Profiling the Autoantibody Repertoire of Acquired Thrombotic Thrombocytopenic Purpura (aTTP) Patients By Single Cell Sorting and Deep Sequencing of Splenic B-Cells

Introduction: Antibodies are the primary effector molecules in the humoral immune system. To create a diversity of receptors-antibodies B-cells undergo V(D)J gene recombination and somatic hypermutation. This allows the recognition of most of pathogens but also sometimes of self-antigen, which can lead to autoimmune diseases. Autoantibodies (Abs) neutralizing and/or accelerating the clearance of ADAMTS13 are present in nearly all acquired thrombotic thrombocytopenic purpura (aTTP) patients with severe ADAMTS13 activity (<5%). As increasing evidence points at the spleen as a major reservoir for antigen specific memory B-cells, we investigated the splenic B-cell repertoire. We sequenced heavy and corresponding light chains from single antigen-specific memory B-cells and deep sequenced global antibody repertoire among different B-cell populations. Combining both, the single antigen-specific repertoire and the general global repertoire from the same patients specimens allows an investigation of the V(D)J gene usage and abundance of specific V(D)J junction in the B-cell populations within one patient and also among different patients. Analysis of the repertoire enables better understanding of the humoral autoimmune response.

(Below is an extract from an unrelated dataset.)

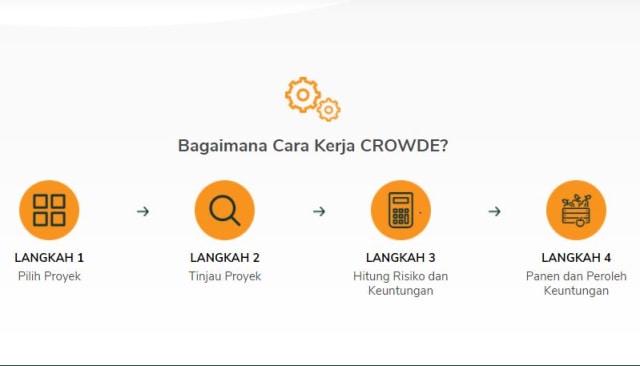 Menyederhanakan Minat Investasi dan Persoalan Petani dalam Satu Aplikasi (2)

Methods: Specimens were analyzed from 8 aTTP patients who were splenectomized due to a refractory course of the autoimmune disease. Splenic mononuclear cells were sorted by flow-cytometry into naïve and transitional (CD27-, IgD+), unswitched memory (CD27+, IgD+) and switched memory (CD27+, IgD-) as well as (CD27+, CD20-/CD19-, CD38+) plasma cells. The frequencies of highly positive anti-ADAMTS13 B-cells in each B-cell population were calculated. Library consisting of antibody cDNA from each B-cell population was deep sequenced on MiSeq Ilumina. Prime analysis were performed in CLC Genomics Workbench. High quality sequences were submitted to IMGT/high V-QUEST web-based analysis tool to determine for V(D)J genes alignments, and V(D)J junction (antigen binding region) and mutations analysis. The IMGT output was parsed into MySQL database for further analysis. In addition, from 4 patients anti-ADAMTS13 specific IgG bearing cells were individually sorted. Gene transcripts of single cells were reverse-transcribed followed by nested PCR of IgG heavy/light chains. V(D)J pairings were visualized with Circos software. In MySQL we compared single cell antigen specific sequence with global repertoire.

Results: Anti-ADAMTS13 specific B-cells were detected in the spleen of all patients (average 0.01% of total B-cell population). Deep sequencing of the total B-cell repertoire revealed ~3 million productive sequences, from which ~2 million were unique. Splenic anti-ADAMTS13 specific B-cells of four aTTP patients revealed 80 antibodies with unique V(D)J junction. Among those most frequently used V-genes were IGHV1-69 and IGHV3-30 (15% and 12% respectively) in global repertoire 1.5% of antibodies were encoded with IGHV1-69 gene within respective population. The average identity to germline was lower in ADMTST13 specific B-cells (92% compare to 96%). Four V(D)J junctions were convergent in at least 2 patients (identical amino acid sequence).

Conclusion: Anti-ADAMTS13 specific B-cells were found in all aTTP patients in different B-cell populations. We observed enrichment of some variable gene segments when comparing the specific anti-ADAMTS13 to the total splenic repertoire (mainly IGHV1-69). Finding convergent V(D)J junction is very promising and also confirms previous finding of our group where similar V(D)J junction were found among two patients. Currently we clone selected single sorted monoclonal Abs (Schaller et al, Blood 2014;124(23):3469-79). Functional testing will allow the selection of the inhibitory Abs to be used as tools to develop anti-idiotypic specific therapies for aTTP patients.